Diane Pernet, Adan, Brontis and Alejandro Jodorowsky speaking at ASVOFF in 2014. Photo by Christian Tarro Toma.

M: What are the criteria for submitting a fashion film to ASVOFF?

D: As stated above the films are judged by the same criteria of any other type of film. The idea of the festival is to present the many diverse ways that fashion can be expressed and the exchange between fashion and film. There is an open call, short films cannot be more than 10 minutes, there are however some exceptions. I believe fashion film will eventually stop becoming an ‘alternative medium’ for capturing and expressing fashion. It will be another medium on the same footing as photography.  It does still need to grow but in such a short time it has already worked its way into the communication plan of every single brand. The fact that every brand – no matter how large or small – is now making fashion films is testament to the fact that fashion film has a bright future.  So is the fact that fashion film festivals are popping up everywhere now.

Deadline is January 31st.

M: I think a lot of people try to create fashion films with a beautiful model and editing with mirror effects and things that just turn it into a look book. That is not to say that Ruth Hogben’s mirror effects with Gareth Pugh’s collection in 2009 were not excellent. It’s just that now, people are copying what they think will be a good fashion film. When you look at all the fashion films submitted to you, which are the ones that stand out and why? 

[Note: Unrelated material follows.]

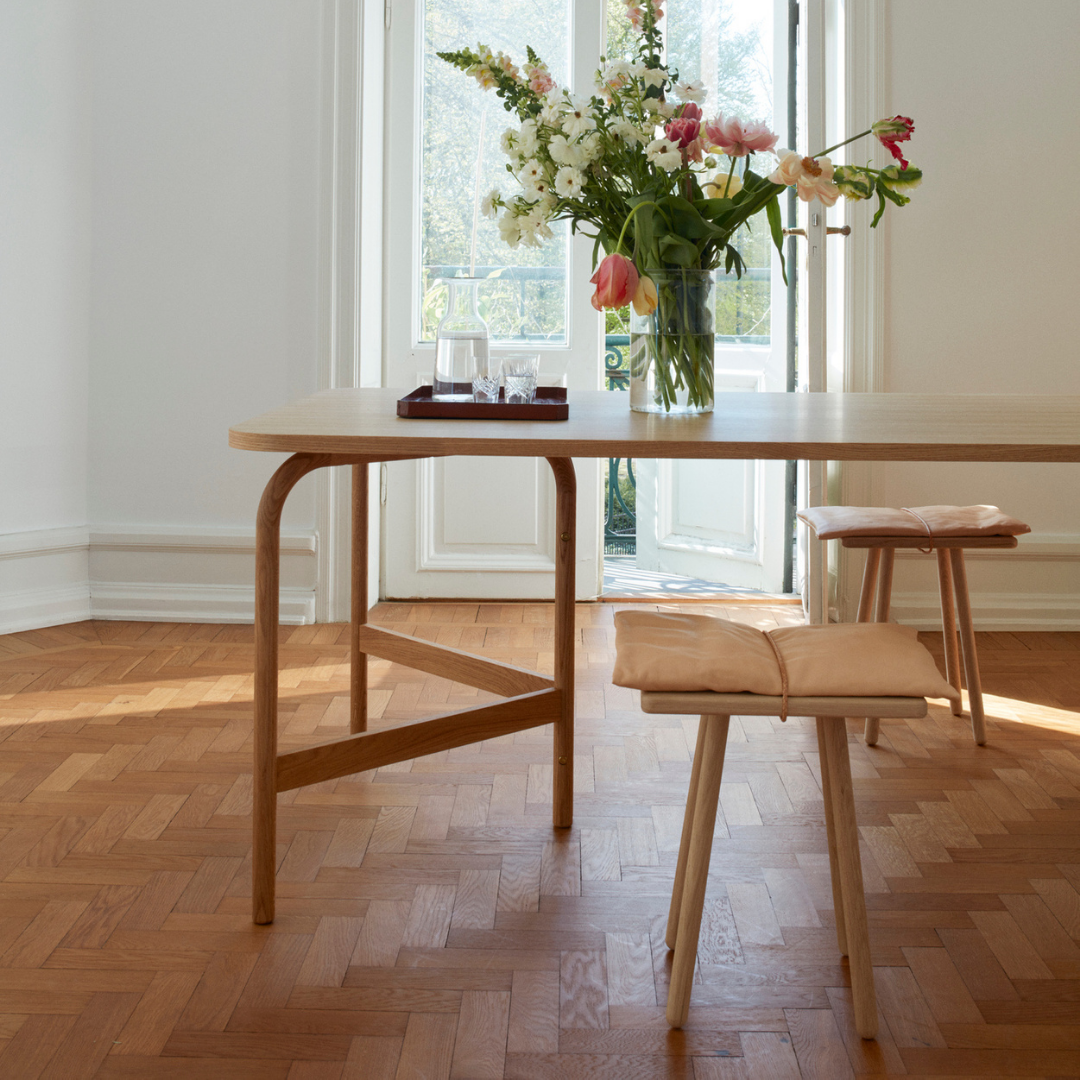 The Skagerak Aldus Table 180 is a beautiful oak dining table with trestle style legs and soft rounded edges which offers classic Scandinavian styling and simplicity. Manufactured by Skagerak of Denmark, the Aldus table offers plenty of room for 4-6 people and it's solid oak legs feature adjustable legs which allows you to level the table perfectly, avoiding wobbles from uneven floors.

D: I like narratives and I don’t consider a photo shoot in motion as a film. The problem there is that every photographer’s agent insists that in addition to a photo shoot that they also shoot a fashion film without the knowledge of what it takes to be a film director and there is a misconception to think that a fashion photographer can be a film director. Thing is just because there is movement that does not constitute a film.

 giving-trophy-to-jean-paul-gaultier-at-asvoff-8-min

Diane Pernet and Jean Paul Gaultier at the awards ceremony of ASVOFF in 2015. Photo by Christian Tarro Toma.

Some fashion films that I love include ASVOFF winners: Hungry for Love https://vimeo.com/144415754 Grand Prix winner ASVOFF 8, Winner of ASVOFF 8 Best Acting: Max Tortora in Non Senza di me by Brando De Sica https://vimeo.com/144238436 , Best Styling – Advanced Style Men by Lina Plioplyte https://vimeo.com/138894734, Jumper for Jonathan Saunders  by Justin Anderson https://vimeo.com/107174050 it was the Grand Prix at ASVOFF 7, Holi Holy a film by Manish Arora by Bharat Sikka Best Film ASVOFF 6 https://vimeo.com/74617484. Best Acting ASVOFF 6 She Said, She Said by Stuart Blumberg with Marisa Tomei and Elodie Bouchez https://vimeo.com/76883601. I could go on and on but those are a few of my favourite films and recently I enjoyed Wes Anderson’s film for H & M, Come Together starring Adrien Brody, it was an ad but constructed like a short film.

M: Comedy is always a good factor in fashion films as it’s such a contrast to what people expect from fashion which is often associated with superficiality. Would a fashion film comedy stand strong in ASVOFF? 

D: Definitely, I love a great comedy and think that is what is missing in fashion films.

M: I love chatting with you as you’ve spent 26 years in the industry and what happens these days when you sit at a fashion show is that there is a sort of cell phone wave going on. The model comes out and everyone’s phone is following her to the end of the catwalk and back filming and photographing. What was it like when people didn’t have smart phones and actually clapped through the whole finale of a show? 

D: True, people actually watched what was going on in front of them for real and not through their mobile phones. Then again it is like that at openings and exhibitions, isn’t it?

marco-de-rivera-and-dp-pont-alexandra-111-min

Diane Pernet and Marco de Rivera photographed by David Gil.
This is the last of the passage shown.